RECORDS FOR THIS EXERCISE START

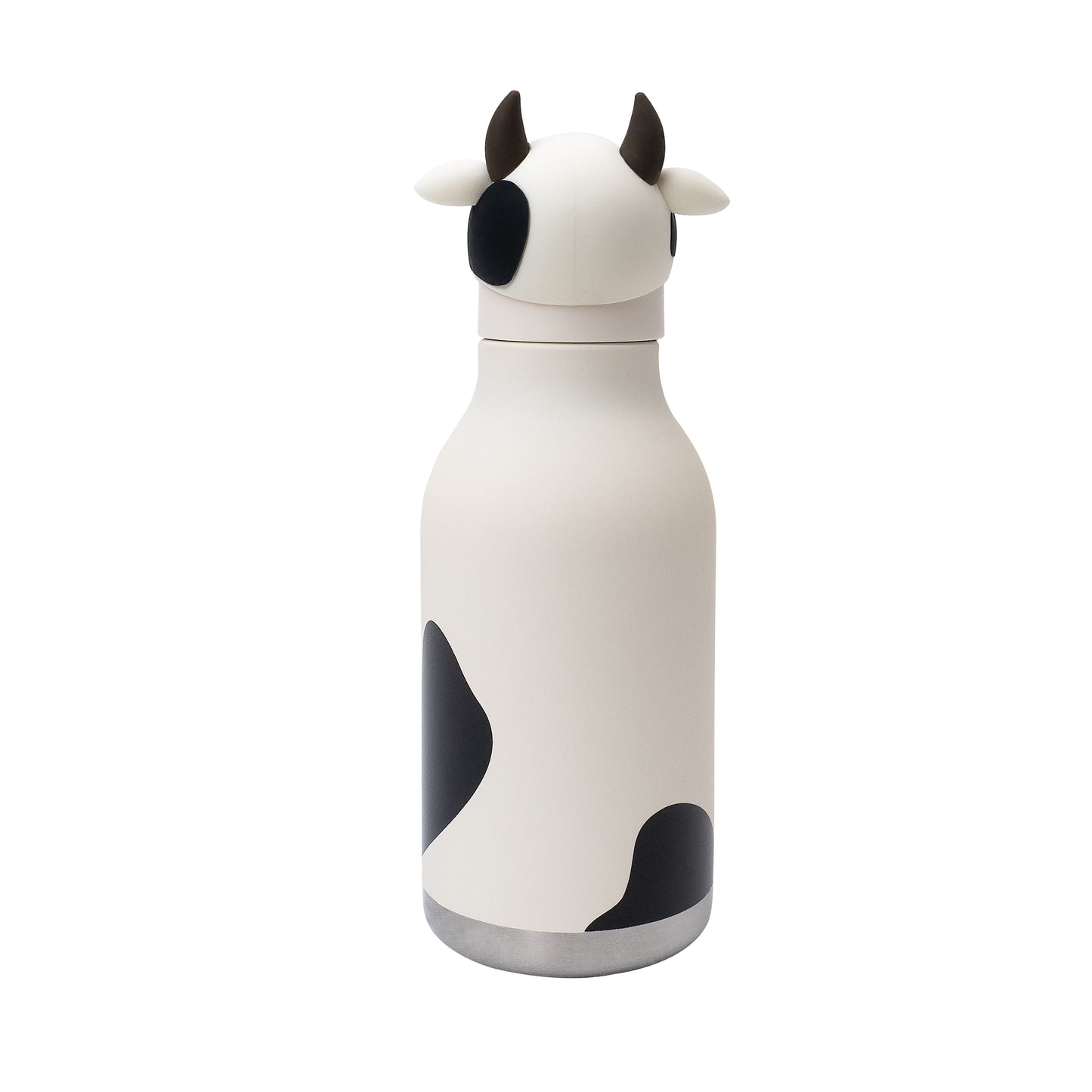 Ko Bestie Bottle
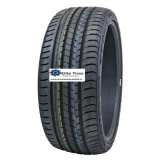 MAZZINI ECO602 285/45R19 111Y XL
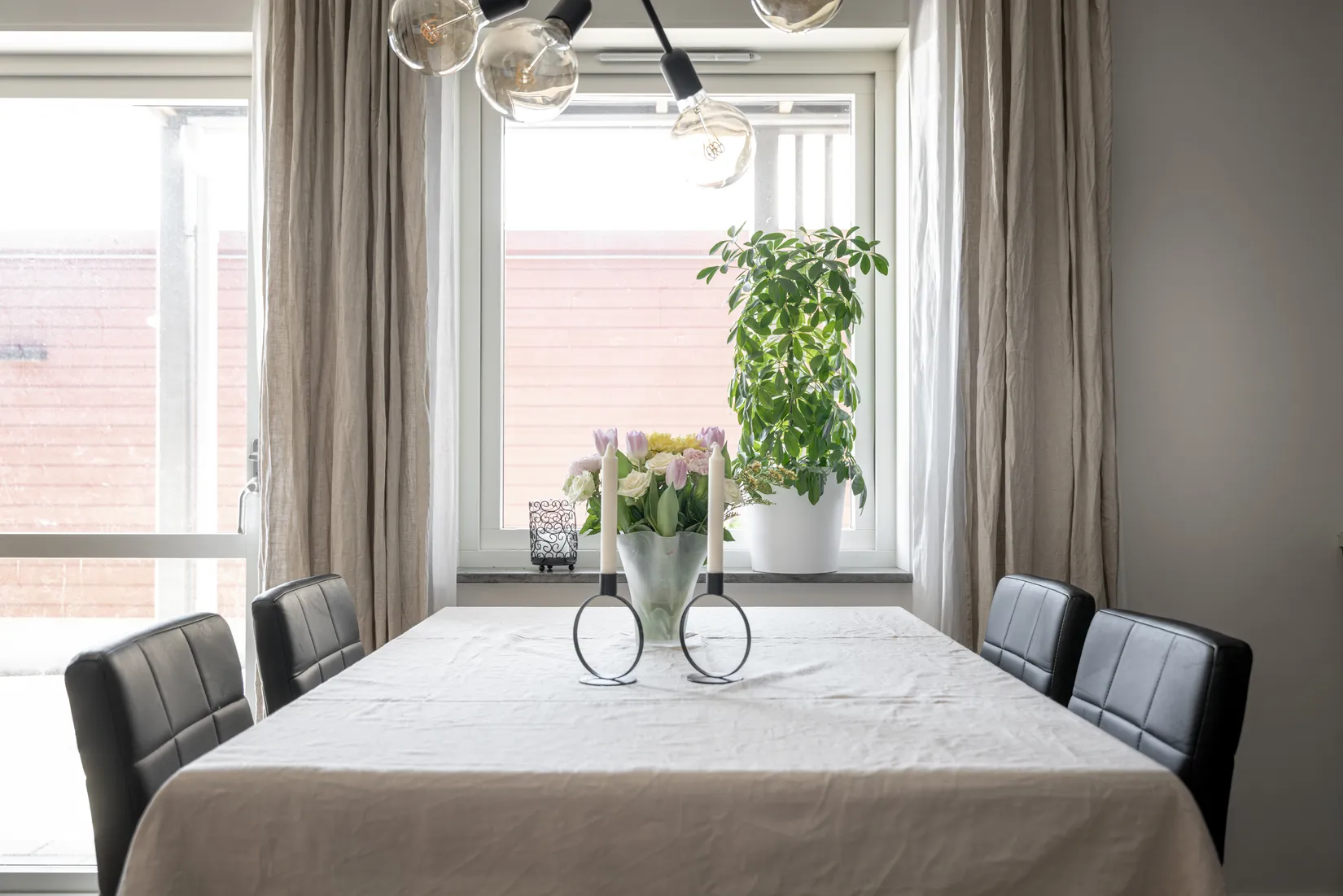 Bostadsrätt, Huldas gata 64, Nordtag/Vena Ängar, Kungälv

RECORDS FOR THIS EXERCISE END
RECORDS FOR THIS EXERCISE START

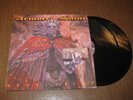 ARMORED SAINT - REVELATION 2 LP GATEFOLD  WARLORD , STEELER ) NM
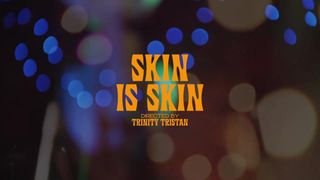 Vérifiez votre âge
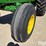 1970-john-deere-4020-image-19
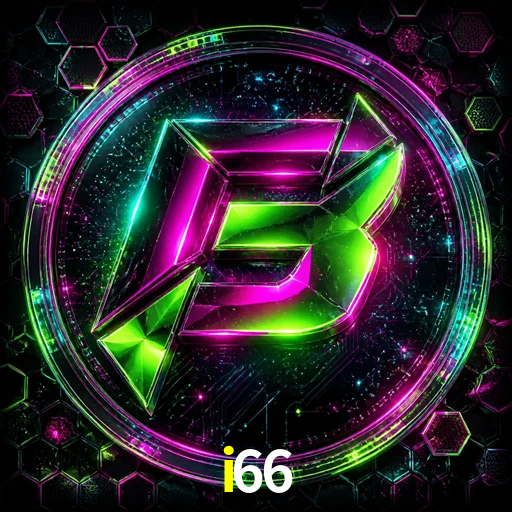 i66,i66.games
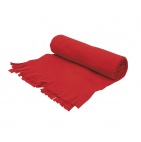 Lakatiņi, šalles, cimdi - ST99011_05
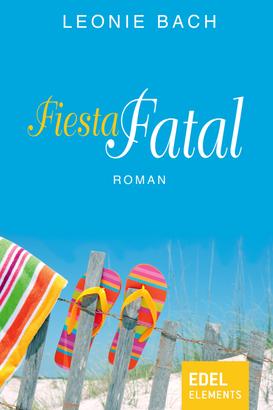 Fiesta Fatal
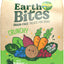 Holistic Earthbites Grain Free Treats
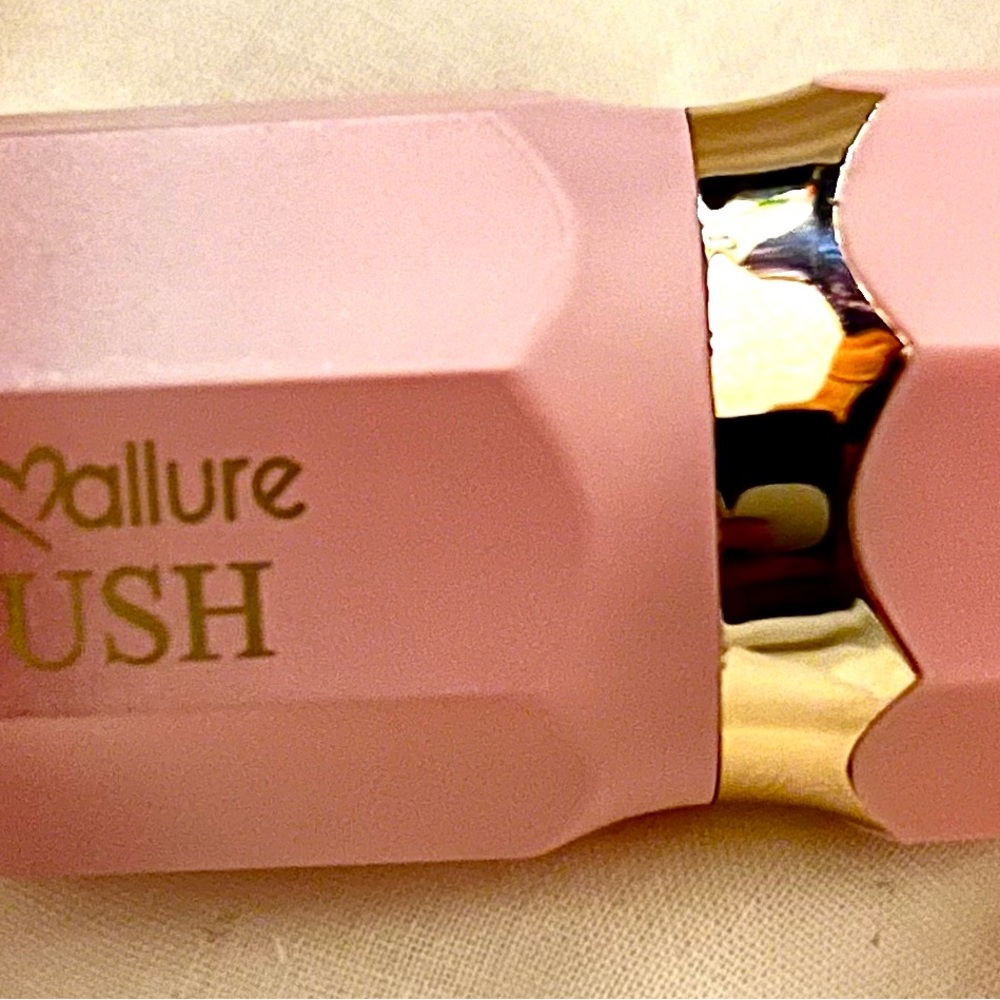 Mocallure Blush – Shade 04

RECORDS FOR THIS EXERCISE END

[TASK DETAILS]
In the data above, find the line containing "Vérifiez votre âge" and the line containing "Mocallure Blush – Shade 04". Repeat those two lines and everything between them exactly, minus the pictures.

[ANSWER BELOW]
 Vérifiez votre âge
 1970-john-deere-4020-image-19
 i66,i66.games
 Lakatiņi, šalles, cimdi - ST99011_05
 Fiesta Fatal
 Holistic Earthbites Grain Free Treats
 Mocallure Blush – Shade 04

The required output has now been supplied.